The overwrite you mention does not work there… what am I doing wrong?

In nix repl '<nixpkgs/nixos>' I am doing the following

nix-repl> pkgs.julia_19-bin.override {extraPkgs = [ pkgs.which ];}
error: anonymous function at /nix/store/4yxy56fn7phrrkvapvd2cc8kzy958krd-nixos-23.05/nixos/pkgs/development/compilers/julia/1.9-bin.nix:1:1 called with unexpected argument 'extraPkgs'

       at /nix/store/4yxy56fn7phrrkvapvd2cc8kzy958krd-nixos-23.05/nixos/lib/customisation.nix:80:16:

           79|     let
           80|       result = f origArgs;
             |                ^

If found your answer unode at R 3.6.0 depends on `which` and that's not always present · Issue #11133 · ContinuumIO/anaconda-issues · GitHub

I can confirm what @moritzschaefer said and also that adding which to /usr/bin/which fixes the problem.
The path is hardcoded, simply having which in $PATH is not sufficient.

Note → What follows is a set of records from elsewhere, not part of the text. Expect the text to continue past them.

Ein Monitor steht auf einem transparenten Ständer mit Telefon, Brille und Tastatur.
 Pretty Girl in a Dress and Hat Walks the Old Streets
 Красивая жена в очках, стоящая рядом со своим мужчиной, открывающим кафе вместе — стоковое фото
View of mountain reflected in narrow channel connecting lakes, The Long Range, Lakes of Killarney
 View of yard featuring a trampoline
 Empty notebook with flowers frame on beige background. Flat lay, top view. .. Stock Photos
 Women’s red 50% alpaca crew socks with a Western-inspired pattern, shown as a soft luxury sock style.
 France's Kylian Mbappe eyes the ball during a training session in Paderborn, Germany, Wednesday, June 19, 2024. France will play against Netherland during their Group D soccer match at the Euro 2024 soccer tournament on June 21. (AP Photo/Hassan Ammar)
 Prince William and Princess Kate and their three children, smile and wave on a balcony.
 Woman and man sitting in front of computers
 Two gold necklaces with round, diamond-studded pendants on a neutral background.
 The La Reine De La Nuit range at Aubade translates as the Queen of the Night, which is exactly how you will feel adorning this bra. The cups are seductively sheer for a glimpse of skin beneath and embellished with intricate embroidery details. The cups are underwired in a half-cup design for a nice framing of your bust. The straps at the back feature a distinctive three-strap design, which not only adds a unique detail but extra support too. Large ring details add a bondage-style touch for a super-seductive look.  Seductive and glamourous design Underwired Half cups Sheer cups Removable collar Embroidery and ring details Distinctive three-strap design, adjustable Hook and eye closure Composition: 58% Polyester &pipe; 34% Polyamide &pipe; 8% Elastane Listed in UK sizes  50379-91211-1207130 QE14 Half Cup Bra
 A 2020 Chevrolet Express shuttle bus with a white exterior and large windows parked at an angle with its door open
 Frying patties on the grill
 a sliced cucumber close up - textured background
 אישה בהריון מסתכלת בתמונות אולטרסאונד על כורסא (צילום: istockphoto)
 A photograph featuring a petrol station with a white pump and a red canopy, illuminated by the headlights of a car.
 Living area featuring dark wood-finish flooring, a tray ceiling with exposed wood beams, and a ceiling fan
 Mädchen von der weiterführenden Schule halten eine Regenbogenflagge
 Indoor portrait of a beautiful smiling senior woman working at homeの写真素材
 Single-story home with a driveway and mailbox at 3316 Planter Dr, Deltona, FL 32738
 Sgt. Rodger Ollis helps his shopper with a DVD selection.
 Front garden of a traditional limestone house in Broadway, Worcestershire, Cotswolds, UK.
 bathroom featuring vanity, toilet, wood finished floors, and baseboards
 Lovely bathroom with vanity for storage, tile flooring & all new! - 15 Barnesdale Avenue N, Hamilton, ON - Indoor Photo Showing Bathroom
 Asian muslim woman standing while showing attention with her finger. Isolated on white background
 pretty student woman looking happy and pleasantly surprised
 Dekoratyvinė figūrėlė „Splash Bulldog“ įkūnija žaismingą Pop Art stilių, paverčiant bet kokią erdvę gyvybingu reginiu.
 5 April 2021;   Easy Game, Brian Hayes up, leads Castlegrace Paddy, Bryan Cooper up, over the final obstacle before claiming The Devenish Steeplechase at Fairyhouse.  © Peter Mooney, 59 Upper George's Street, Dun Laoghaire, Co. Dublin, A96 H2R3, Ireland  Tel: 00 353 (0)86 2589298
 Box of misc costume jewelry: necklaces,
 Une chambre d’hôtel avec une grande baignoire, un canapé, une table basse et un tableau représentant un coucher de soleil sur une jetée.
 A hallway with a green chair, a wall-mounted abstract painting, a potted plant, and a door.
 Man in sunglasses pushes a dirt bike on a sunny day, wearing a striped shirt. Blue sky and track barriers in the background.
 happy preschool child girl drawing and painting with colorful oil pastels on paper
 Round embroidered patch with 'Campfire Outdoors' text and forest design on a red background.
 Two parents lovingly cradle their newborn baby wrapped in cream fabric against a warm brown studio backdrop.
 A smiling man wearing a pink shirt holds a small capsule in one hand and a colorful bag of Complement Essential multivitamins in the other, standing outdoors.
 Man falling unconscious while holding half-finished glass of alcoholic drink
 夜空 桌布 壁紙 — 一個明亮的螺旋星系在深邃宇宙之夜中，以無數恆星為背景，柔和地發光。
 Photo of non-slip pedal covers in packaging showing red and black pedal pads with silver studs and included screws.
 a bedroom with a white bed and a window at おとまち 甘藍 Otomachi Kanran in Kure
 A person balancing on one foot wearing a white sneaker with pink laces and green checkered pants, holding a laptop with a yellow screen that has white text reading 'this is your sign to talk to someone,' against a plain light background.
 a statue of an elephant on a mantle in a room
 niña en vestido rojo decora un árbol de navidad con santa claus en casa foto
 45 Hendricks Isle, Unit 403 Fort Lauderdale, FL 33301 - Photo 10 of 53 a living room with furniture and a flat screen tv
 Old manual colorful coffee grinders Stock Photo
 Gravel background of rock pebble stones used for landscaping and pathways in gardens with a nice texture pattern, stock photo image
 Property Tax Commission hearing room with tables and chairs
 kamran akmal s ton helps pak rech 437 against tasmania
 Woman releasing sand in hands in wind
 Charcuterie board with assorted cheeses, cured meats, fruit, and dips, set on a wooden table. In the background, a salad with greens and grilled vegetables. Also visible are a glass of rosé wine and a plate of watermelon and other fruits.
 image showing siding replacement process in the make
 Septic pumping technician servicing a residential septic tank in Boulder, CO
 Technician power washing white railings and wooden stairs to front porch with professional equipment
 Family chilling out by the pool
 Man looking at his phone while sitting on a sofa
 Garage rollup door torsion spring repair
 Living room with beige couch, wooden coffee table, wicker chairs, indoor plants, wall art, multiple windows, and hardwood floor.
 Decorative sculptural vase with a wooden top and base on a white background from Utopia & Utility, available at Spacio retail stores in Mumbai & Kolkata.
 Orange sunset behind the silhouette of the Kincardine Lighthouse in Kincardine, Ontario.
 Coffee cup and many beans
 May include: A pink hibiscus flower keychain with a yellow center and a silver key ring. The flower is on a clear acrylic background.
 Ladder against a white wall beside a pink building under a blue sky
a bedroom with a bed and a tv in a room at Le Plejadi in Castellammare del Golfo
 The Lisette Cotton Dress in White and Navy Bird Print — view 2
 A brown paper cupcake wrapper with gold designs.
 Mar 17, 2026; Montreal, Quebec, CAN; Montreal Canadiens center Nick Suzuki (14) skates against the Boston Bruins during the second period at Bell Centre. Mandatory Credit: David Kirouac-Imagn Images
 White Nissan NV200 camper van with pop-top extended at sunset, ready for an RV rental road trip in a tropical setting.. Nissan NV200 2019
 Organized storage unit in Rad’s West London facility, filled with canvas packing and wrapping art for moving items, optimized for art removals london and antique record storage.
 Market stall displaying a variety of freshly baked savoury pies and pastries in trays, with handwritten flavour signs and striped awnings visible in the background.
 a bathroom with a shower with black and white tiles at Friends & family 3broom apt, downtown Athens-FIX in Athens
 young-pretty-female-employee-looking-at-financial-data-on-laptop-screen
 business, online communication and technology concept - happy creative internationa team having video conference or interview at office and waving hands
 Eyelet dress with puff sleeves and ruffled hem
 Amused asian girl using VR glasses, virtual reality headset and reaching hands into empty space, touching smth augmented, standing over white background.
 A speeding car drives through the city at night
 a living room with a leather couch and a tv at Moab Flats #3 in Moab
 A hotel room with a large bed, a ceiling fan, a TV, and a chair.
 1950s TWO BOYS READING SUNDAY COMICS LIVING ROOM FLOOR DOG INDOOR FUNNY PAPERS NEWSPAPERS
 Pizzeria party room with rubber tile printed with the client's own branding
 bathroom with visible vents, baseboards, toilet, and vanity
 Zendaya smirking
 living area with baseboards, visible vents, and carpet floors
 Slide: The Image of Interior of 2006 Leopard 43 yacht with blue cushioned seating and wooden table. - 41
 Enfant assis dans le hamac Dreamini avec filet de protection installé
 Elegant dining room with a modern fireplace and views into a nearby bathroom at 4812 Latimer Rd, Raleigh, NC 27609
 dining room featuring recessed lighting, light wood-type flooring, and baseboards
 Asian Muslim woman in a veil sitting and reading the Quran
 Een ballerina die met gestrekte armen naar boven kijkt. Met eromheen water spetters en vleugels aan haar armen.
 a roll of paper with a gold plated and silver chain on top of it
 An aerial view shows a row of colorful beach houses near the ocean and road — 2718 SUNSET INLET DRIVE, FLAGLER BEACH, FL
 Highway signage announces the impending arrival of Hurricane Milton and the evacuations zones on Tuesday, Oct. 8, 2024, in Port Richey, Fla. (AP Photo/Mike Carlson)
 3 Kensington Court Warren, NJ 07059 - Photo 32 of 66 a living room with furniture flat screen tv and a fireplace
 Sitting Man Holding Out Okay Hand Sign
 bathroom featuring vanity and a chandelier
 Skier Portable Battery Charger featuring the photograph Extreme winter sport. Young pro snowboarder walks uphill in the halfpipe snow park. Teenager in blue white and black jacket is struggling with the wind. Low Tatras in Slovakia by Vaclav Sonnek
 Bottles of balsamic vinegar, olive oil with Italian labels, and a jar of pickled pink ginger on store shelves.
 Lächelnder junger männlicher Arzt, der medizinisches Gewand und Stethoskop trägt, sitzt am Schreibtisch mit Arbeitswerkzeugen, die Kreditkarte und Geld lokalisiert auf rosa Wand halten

@schlichtanders which was added to the conda environment. In your case you are trying to modify julia’s derivation directly. conda environments in nix are a little special because they use a FHS sandbox that fakes the presence of some binaries in /usr/bin. This doesn’t usually happen with other software unless the software has special requirements.

It’s not clear from your message if the errors in julia are also caused by which missing from /usr/bin nor if julia-bin is hardcoded to look for binaries under /usr/bin/.